IAF is far superior to the Chinese air force in terms of training of fighter pilots and “our people behind the machines” as well as operational tactics, but India “lags behind” China in military technology and “is way behind” in defence production. “We have to catch up with them,” Air Chief Marshal A P Singh said, speaking in the run-up to the IAF Day on Oct 8.
“We have done our analysis. We don’t have a design to go on an offensive unnecessarily. Only when we are pushed will we do something,” he said, adding that IAF has its operational plans in place to tackle any contingency.

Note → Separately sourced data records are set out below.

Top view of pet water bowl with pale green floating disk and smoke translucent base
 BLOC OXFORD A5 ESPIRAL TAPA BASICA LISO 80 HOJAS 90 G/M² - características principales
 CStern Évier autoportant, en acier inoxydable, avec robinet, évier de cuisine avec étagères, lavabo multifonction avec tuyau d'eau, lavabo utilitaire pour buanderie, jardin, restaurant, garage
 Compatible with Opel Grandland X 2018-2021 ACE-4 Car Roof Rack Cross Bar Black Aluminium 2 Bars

Acknowledging that IAF was grappling with a depleting number of fighter squadrons, which is down to just 30 when 42 are authorized, ACM Singh added, “We are focusing on fighting with whatever we have… so training becomes very important. Should we be required to contest with somebody, we should be able to win.”
China has deployed additional jets, including its most advanced J-20 stealth fighters, as well as bombers, reconnaissance aircraft and drones at its airfields facing India like Hotan, Kashgar, Gargunsa, Shigatse, Bangda, Nyingchi and Hoping after upgrading them with new and extended runways, hardened shelters, fuel and ammunition storage facilities.
This somewhat offsets the terrain constraints China faces at its airbases due to high-altitude and rarefied air, which limits the weapon and fuel-carrying capacity of aircraft. Overall, China has more than four times the number of fighters, bombers and force-multipliers as compared to India.
ACM Singh said China is rapidly building infrastructure, but India too is constructing new airfields, which include the high-altitude Nyoma one in eastern Ladakh, and strengthening capacity of existing airbases to handle more aircraft.
Plans are also afoot to take over or use civil advance landing grounds (ALGs) in the middle sector (Uttarakhand, Himachal) of the 3,488-km Line of Actual Control (LAC), after upgrading ALGs in eastern Ladakh and Arunachal Pradesh.
“It’s important for our manufacturing agencies to increase their production rate,” ACM Singh said. IAF would be able to plug its shortfalls if HAL sticks to its promise of stepping up its annual production rate to 24 Tejas fighters. “Private players also have to come in in a major way… We can’t rely on only one production agency,” he said.
IAF till now has got only 38 of the first 40 Mark-1 fighters ordered for Rs 8,802 crore under two contracts inked in 2006 and 2010. It is yet to get the first “improved” Tejas Mark-1A jet of the 83 contracted from HAL under the Rs 46,898 crore deal in Feb 2021. Another 97 Tejas Mark-1A fighters for Rs 67,000 crore are also going to be ordered soon.
Then, IAF plans to induct at least six squadrons (108 jets) of Tejas Mark-2, with a longer combat range and greater weapon-carrying capacity. In August 2022, the PM-led cabinet committee on security had cleared the over Rs 9,000 crore development cost for Tejas Mark-2 with more powerful GE-F414 engines, and the first test-flight is slated for October next year. “Timelines must be met,” ACM Singh added.